For dinner yesterday I also made baked chicken with my usual sprinkling of parsley, sage, rosemary, thyme, garlic powder, summer savoury, and salt as topping. As a side I made baked zucchini sticks, which my kids couldn’t get enough of, so I think I’ll be making them a few more times until I use up all of this zucchini (there’s still lots left). Instead of the more common (around here) seasoned bread crumbs, I went with panko, which is a much lighter style of Japanese bread crumb. I also baked the sticks instead of the more traditional deep-frying, for health reasons and because I just don’t particularly enjoy deep-frying.
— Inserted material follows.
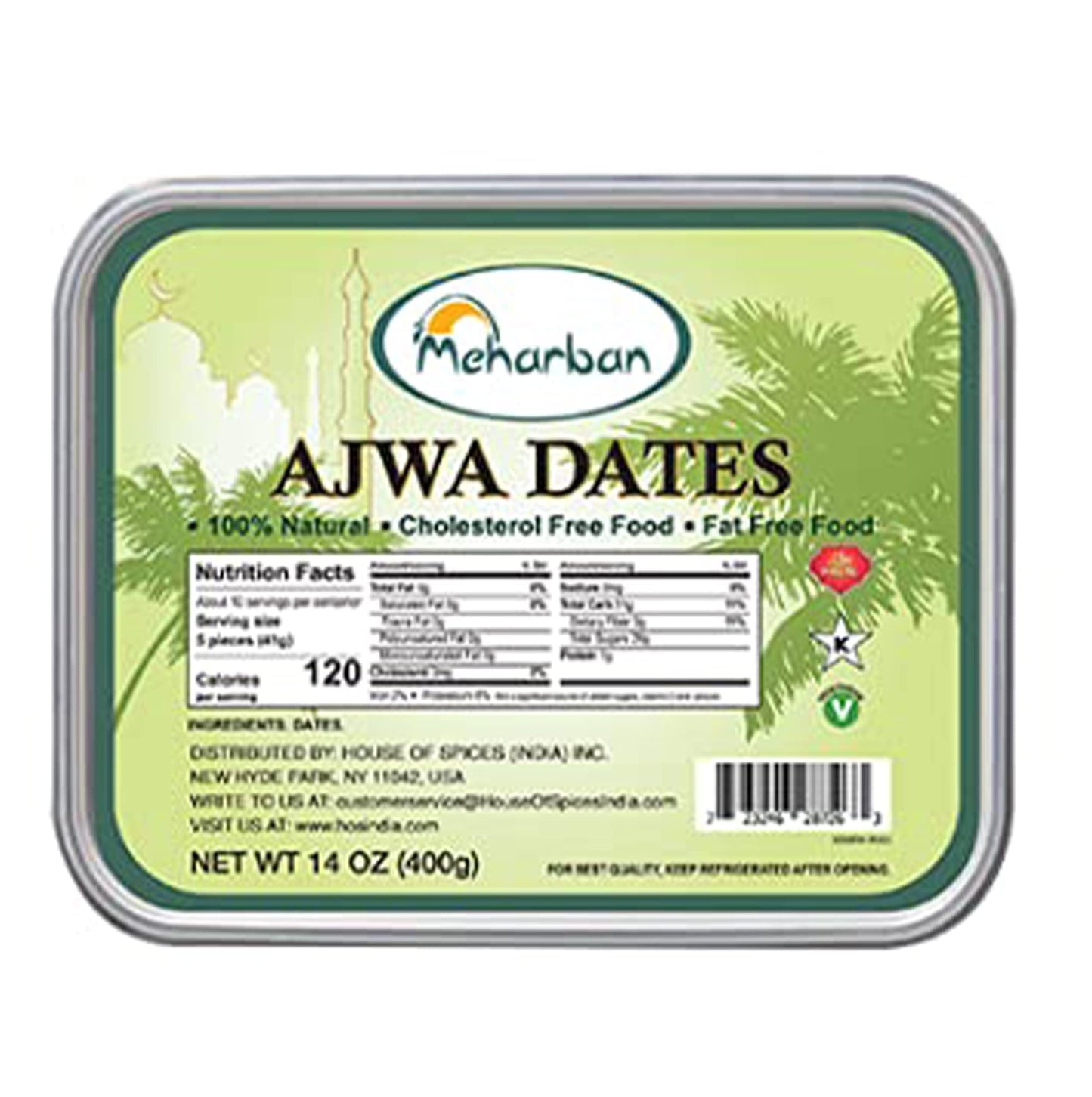 Meharban Ajwa Dates 400gm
Here’s the very simple recipe that I used:

Baked Panko Zucchini Sticks
Serves 4 as a side dish

Preheat oven to 425°F (220°C).
Wash and slice into thick sticks, leaving peel on:
400g zucchini
In a small mixing bowl, beat:
1 large egg
In a second small mixing bowl, combine:
3/4 cup panko
1/4 tsp salt
1/8 tsp black pepper
1/4 tsp garlic powder
4 Tbsp Kraft 100% Parmesan grated cheese*
Grease a cookie sheet lightly with olive oil or cooking spray.
Dry the zucchini on paper towel, then dip it into the egg until coated, then into the panko mixture until coated. Place the coated zucchini sticks in a single layer on the greased cookie sheet. Sticks will cook most evenly and be most crunchy if they are not touching.
Bake the zucchini sticks for 15-20 minutes, or until topping is golden brown.
Serve plain, or with ranch dressing or marinara sauce as a dipping sauce.
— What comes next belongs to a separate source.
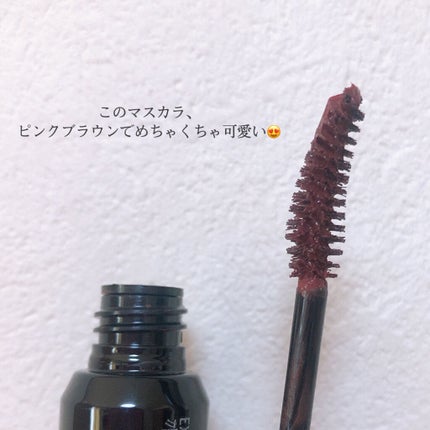 ラッシュパーム カールフィックスマスカラ/ETUDE/マスカラを使ったクチコミ(4枚目)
*Parmesan cheese may be omitted, but if so, double the amount of salt.

Chocolate Fudge Zucchini Cookies: Rebaked

My kids and I munched our way through my first batch of chocolate fudge zucchini cookies in a matter of days, so I decided to bake some more.
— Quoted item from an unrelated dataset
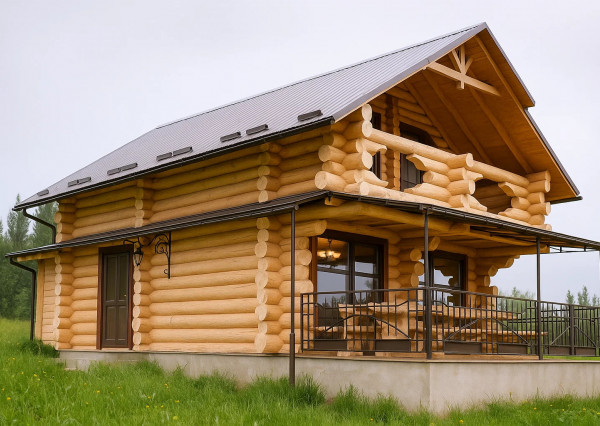 Na predaj 3-izbový zrubový dom s možnosťou výstavby kdekoľvek na Slovensku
Although I loved the flavour and moist softness of the original recipe, I wasn’t terribly happy with the texture that the grated zucchini gave to the cookies. This time I microwaved the zucchini first, covered, for four minutes, which softened it up nicely. Then I ran the zucchini through my blender until it had the consistency of a smoothie. I followed the rest of the recipe to the letter, and it worked out wonderfully. No stringy bits, just fantastic chocolate flavour and moist texture.

My kids prefer this version too. Thing 1 was quite willing to model the non-stringy inside of the cookie for me so long as she got the broken cookie as payment.

Chocolate Fudge Zucchini Cookies

I recently discovered that the Canada Agriculture and Food Museum has a whole list of recipes that it provides free of charge in PDF format. There are a number of what I would consider typical, traditional Canadian dishes on there — but there were also a number I’d never heard of as well. So of course I had to check them out.

I’d been craving sweets, so I decided that the first recipe I’d try from this collection was the Chocolate Fudge Zucchini Cookies. Also, although I didn’t grow any myself this year, zucchini is in season and hence is really affordable at the moment. And wow, was I ever happy with how these cookies turned out! They were soft and moist without falling apart, and incredibly rich. The recipe called for the cookies to be dropped by tablespoons onto the baking pans, but although the composition of the dough was too thick for this and each cookie had to be hand-formed, I don’t think that this affected the final product in a negative way.

I think that the only thing I’d change about this recipe is how the zucchini is prepared. The recipe calls for it to be finely shredded, but I found that this still left a few stringy bits in the otherwise-soft texture of the cookie. In the future, I might try peeling the zucchini first, or running it through the blender to change the texture. I wouldn’t want to get rid of it, though, as that’s what makes it so moist!